Outcome-Based Everything: Why We Tie Our Success to Yours_
Outcome-Based Everything: Why We Tie Our Success to Yours
I'll start with a confession. For the first year of Moonxi's consulting practice, we billed by the hour. Time and materials. The industry standard. The safe default.
And I hated every invoice we sent.
Not because the work wasn't good — it was. Not because the rates were wrong — they were market. I hated it because hourly billing creates a structural misalignment between what the client wants and what the consultancy is incentivized to do. The client wants the project finished. The consultancy benefits when it takes longer. Nobody says this out loud. Everyone knows it's true.
So we changed. Not incrementally — a small discount here, a blended rate there — but fundamentally. We moved to outcome-based pricing across everything AI Gens does. Consulting. Investment. Incubation. Every engagement structured so that our success is mathematically tied to yours.
It nearly killed the business. It was the best decision we ever made.

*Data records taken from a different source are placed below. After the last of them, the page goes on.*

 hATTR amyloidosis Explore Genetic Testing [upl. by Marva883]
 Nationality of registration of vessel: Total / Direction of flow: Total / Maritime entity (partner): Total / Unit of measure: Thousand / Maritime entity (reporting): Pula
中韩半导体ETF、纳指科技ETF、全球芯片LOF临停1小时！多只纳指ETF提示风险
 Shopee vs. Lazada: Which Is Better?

The Misalignment Nobody Talks About
Here's the dirty secret of professional services: the hourly billing model was designed for law firms in the 1950s. It made sense when the work was advisory — you're paying for expertise applied per unit of time. But software engineering isn't advisory work. It's building. And when you're building, what matters isn't how many hours you spent. It's what you shipped.

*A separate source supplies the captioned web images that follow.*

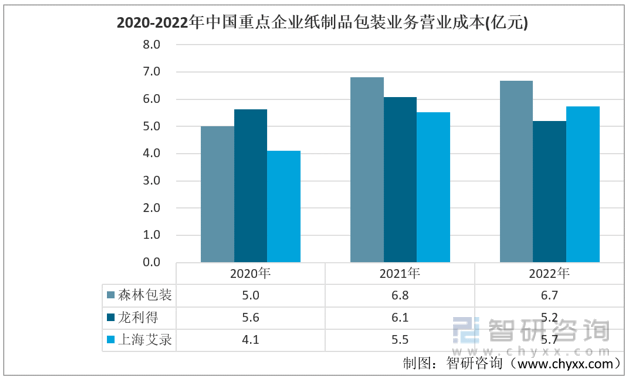 智双赢彩票研咨询报告：2022年中国纸制品包装行业市场现状及未来发展趋势预测分析(图4)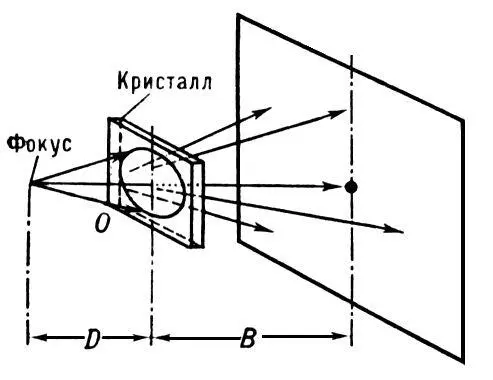 Рис 2 а Схема топографирования кристаллов на просвет по методу Фудживара - фото 318
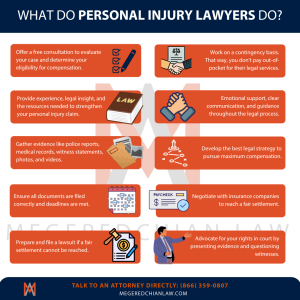 what do personal injury lawyers do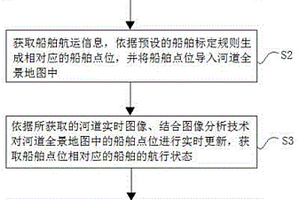 河道航運監(jiān)測管理方法、裝置、終端及存儲介質(zhì)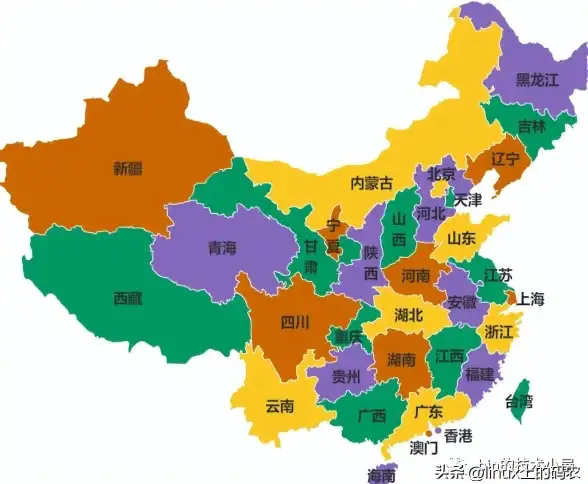 服务器优化 虚拟内存管理 如何优化服务器虚拟运行内存以提升整体性能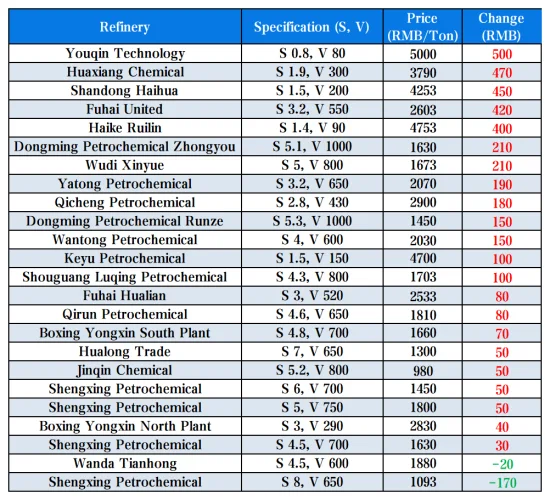 China Petroleum Coke Price Update.png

The T&M (time and materials) model creates three specific pathologies:
Scope creep is profitable. Under hourly billing, every requirement change, every "small addition," every "while you're in there, could you also..." is revenue. The incentive to push back on scope creep is zero. The incentive to encourage it is significant.
Speed is penalized. If your senior engineer solves a problem in two hours that a junior would take twenty, hourly billing says the senior's contribution is worth less. The client pays for ten percent of the effort. The consultancy earns ten percent of the revenue. Everyone loses except the mediocre engineer who takes the long way around.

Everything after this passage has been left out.